This is a common sentiment among the new generation of vets turned pols. They feel closer to one another than they do to either political party. The three Democratic veterans elected to Congress in 2006 were supplanted by seven Republican veterans in subsequent elections. When Tommy Sowers, a Special Ops officer, ran a losing campaign for Congress as a Missouri Democrat in 2010, one of his major fundraisers was Jason Lewis, a Republican who is now an investment banker. "We worked together as Special Operators," Lewis told me, "and I was immediately impressed by Tommy. Everyone is. He has exceptional aptitude, the ability to break a complicated problem down into its component parts very quickly." Between operations, Sowers and Lewis argued about economics. "Tommy was something of a Keynesian. I was more of an economic classicist. But our philosophical differences weren't nearly as important as the values we had in common." (Sowers told me that if Lewis wants to run for Congress, he'll happily reciprocate and raise money for him.)
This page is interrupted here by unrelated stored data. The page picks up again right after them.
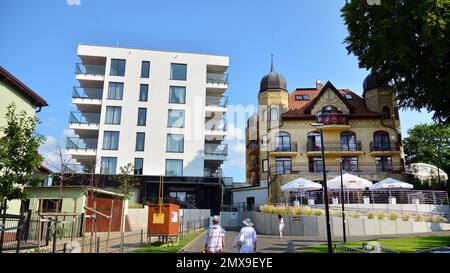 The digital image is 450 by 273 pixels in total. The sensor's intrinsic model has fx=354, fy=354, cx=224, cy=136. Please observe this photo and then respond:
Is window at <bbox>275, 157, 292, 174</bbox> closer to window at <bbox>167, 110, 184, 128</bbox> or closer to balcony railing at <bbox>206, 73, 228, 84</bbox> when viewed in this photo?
balcony railing at <bbox>206, 73, 228, 84</bbox>

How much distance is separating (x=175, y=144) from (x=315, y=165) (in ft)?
53.7

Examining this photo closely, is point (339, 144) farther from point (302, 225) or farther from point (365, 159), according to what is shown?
point (302, 225)

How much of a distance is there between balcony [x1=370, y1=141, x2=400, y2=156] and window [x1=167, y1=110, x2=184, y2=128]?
2220 centimetres

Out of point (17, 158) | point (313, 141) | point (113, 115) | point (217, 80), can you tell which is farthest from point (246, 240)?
point (217, 80)

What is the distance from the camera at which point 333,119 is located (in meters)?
41.8

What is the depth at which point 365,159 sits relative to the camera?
41.0 m

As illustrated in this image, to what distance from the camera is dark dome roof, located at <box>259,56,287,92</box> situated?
43.7 m

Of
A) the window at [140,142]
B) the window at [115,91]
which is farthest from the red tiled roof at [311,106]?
the window at [115,91]

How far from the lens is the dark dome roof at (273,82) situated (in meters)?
43.7

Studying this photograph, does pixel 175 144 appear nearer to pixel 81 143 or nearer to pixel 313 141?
pixel 81 143

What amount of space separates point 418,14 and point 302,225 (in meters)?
14.8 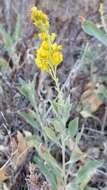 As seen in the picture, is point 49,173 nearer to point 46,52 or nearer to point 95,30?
point 46,52

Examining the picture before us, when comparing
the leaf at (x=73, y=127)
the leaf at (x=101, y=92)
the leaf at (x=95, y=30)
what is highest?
the leaf at (x=95, y=30)

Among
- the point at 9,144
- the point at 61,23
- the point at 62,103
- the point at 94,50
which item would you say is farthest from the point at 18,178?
the point at 61,23

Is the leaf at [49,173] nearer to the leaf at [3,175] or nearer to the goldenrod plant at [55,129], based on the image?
the goldenrod plant at [55,129]

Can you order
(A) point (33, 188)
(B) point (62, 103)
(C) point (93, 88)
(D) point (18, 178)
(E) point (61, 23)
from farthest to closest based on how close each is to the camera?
(E) point (61, 23)
(C) point (93, 88)
(D) point (18, 178)
(A) point (33, 188)
(B) point (62, 103)

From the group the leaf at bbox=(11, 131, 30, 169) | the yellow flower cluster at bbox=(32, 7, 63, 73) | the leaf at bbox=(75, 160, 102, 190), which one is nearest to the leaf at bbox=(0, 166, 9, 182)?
the leaf at bbox=(11, 131, 30, 169)

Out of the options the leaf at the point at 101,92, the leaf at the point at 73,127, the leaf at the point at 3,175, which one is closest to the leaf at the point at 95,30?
the leaf at the point at 101,92

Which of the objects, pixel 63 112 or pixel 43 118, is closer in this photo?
pixel 63 112

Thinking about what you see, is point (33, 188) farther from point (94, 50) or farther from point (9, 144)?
point (94, 50)

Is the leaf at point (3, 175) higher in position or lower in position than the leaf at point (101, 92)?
lower

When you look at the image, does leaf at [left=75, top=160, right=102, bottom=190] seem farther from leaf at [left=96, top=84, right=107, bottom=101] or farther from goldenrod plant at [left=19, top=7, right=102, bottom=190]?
leaf at [left=96, top=84, right=107, bottom=101]

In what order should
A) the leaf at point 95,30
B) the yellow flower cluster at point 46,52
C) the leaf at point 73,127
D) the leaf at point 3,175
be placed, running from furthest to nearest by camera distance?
1. the leaf at point 95,30
2. the leaf at point 3,175
3. the leaf at point 73,127
4. the yellow flower cluster at point 46,52

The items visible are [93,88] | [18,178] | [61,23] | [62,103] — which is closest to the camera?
[62,103] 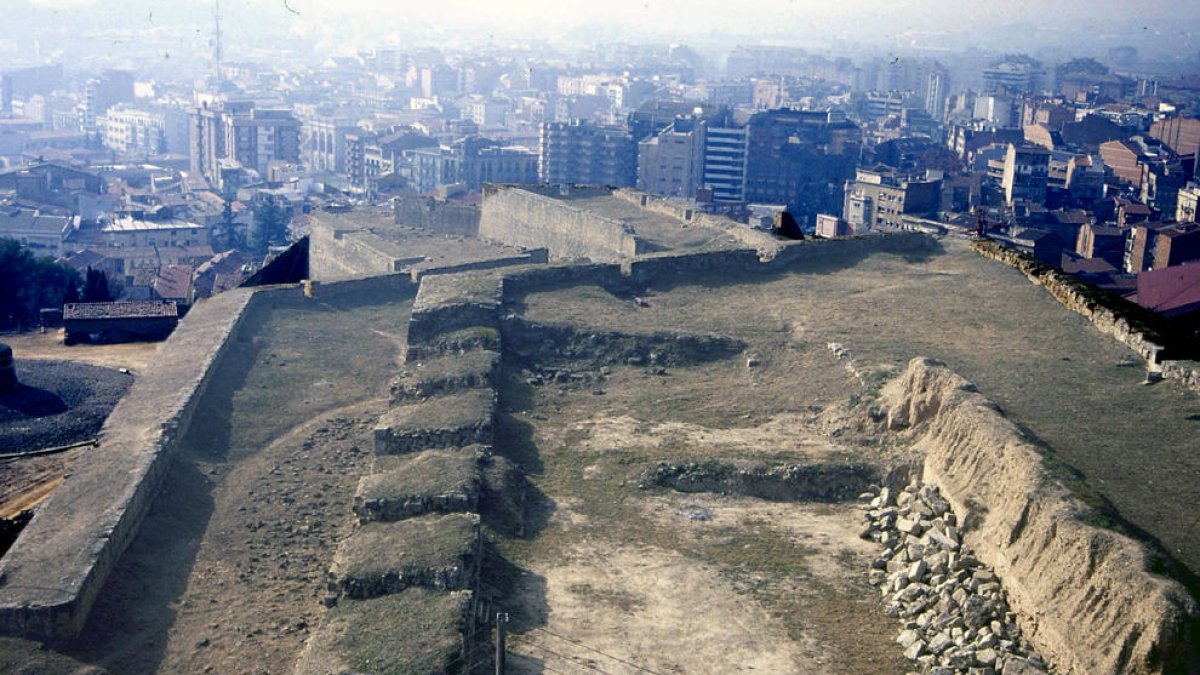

Many returning veterans follow politics closely. "One thing about the military was, it forced you to learn," says Gallina. "If you were willing to learn, you could rise fast so we all became avid readers, and we've carried that through back home." They aren't thrilled by what they see. They tend to view public life through the prism of military values which are, at times, contradictory. There is a basic altruism. Gallina intuitively expanded the notion that you don't leave a fallen comrade in the field to include the veterans of other wars; from there, it's a short jump to including civilians as members of their community too. Veterans are trained to believe that everyone in their unit rises and falls together. "In the military, it's never about you," Lewis told me. "It's always about something larger."
But there is another, competing and decidedly conservative sense that is common to veterans: that American society has gone soft and is filled with whiners, an entitlement culture lacking a sense of individual accountability. One veteran who served in Congress described his whining civilian colleagues as "a professional bed-wetting society." Indeed, it is hard to imagine a value structure more different from military life than the national political culture of blather and complaint. "The toughest part of leadership is telling people they have to do something that involves pain," says Eric Greitens, a former Navy SEAL who runs a program for badly wounded returning veterans called the Mission Continues. "We had to do that every day: 'At 0100 we're going to stage a raid. The enemy is heavily armed and waiting for us. I can't promise you we're going to accomplish this without casualties. But we need to take out this cell of snipers.' You just don't find many politicians willing to get people to do tough things."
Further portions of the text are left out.